As can be observed, we need to use very low learning rate to make sure error is decreasing. However, such a low learning rate needs a lot of iterations to converge. To deal with this we apply data scaling. So we scale the independent random variable according to its mean and standard deviations. 

In [0]:
x=np.array(df[['Annual Income']])
y=np.array(df[['Spendings']])

## scaling the independent random variable
x_new = (x - np.mean(x)) / np.std(x)

## change the learning rate and iterations
m_gd, b_gd, iters, j_curr= gradient_descent_basic(x_new,y,0,0,0.01,20)
print('J = {}, m = {}, b = {}, iterations = {}'.format(j_curr, m_gd, b_gd,iters))

Now, to find the best coefficients, we increase the number of iterations.

In [0]:
## change the learning rate and iterations
m_gd, b_gd, iters, j_curr= gradient_descent(x_new,y,0,0,0.01,20000)
print('With data scaling: J = {}, m = {}, b = {}, iterations = {}'.format(j_curr, m_gd, b_gd,iters))

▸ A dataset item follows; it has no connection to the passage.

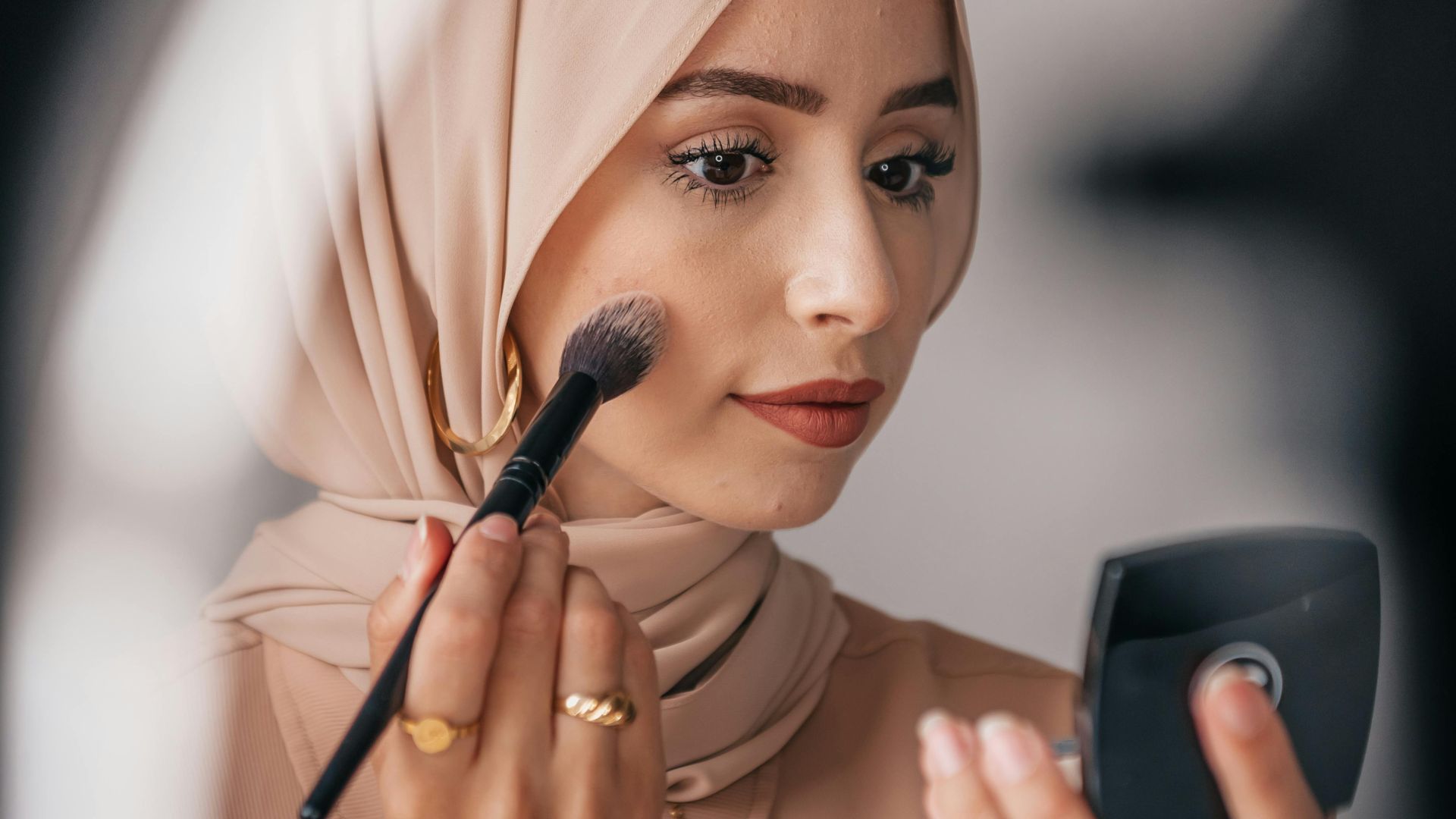 10 raisons pour lesquelles votre maquillage ne tient pas toute la journée et 10 solutions pour qu’il reste impeccable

Notice that the number of iterations required such that the difference between MSE of successive iterations is less than 1e-5 is 338 only.

As an in class exercise, we will compare the error function between the rg.fit method (linear regression section) and the gradient descent.

In [0]:
m_reg ## from Linear Regression in code cell above
b_reg ## from Linear Regression in code cell above

m_gd ## from gradient descient results in code cell above
b_gd ## from gradient descient results in code cell above

y_actual = np.array(df.Spendings)

y_pred_reg = m_reg * x + b_reg;

y_pred_gd = m_gd * x_new + b_gd;

n=len(y_actual)

J_reg = (1/n)*sum(abs(y_actual - y_pred_reg[:,0]));
J_gd = (1/n)*sum(abs(y_actual - y_pred_gd[:,0]));

dif = J_reg - J_gd;

print('J_reg = {}, \n\nJ_gd = {}, \n\nDifference = {}'.format(J_reg, J_gd, dif))

As can be seen the coefficients are not the same. However the difference between MSE of both methods is very small. Let us try to plot the reg.fit line and gradient descent line on the same plot.

In [0]:
import matplotlib.pyplot as plt
plt.scatter(df[['Annual Income']],df[['Spendings']],color='r', marker='+')
plt.xlabel('Annual Income',fontsize=20)
plt.ylabel('Spendings',fontsize=20)
plt.plot(df[['Annual Income']],y_pred_reg,color='b',label='reg.fit') ## best fit line using reg.predict
plt.plot(df[['Annual Income']],y_pred_gd,color='g',linestyle='--',linewidth=3,label='Gradient Descent') ## best fit line using gradient descent
plt.legend()

As can be seen, the reg.fit and the gradient descent lines are exactly the same.  

**Exercise 1.3 (optional):**

Modify the gradient descent to be used for multiple linear regression with three independent variables. Then use it to estimate the spendings given the annual income, number of persons working in the family, and number of kids discussed in the multiple linear regression section.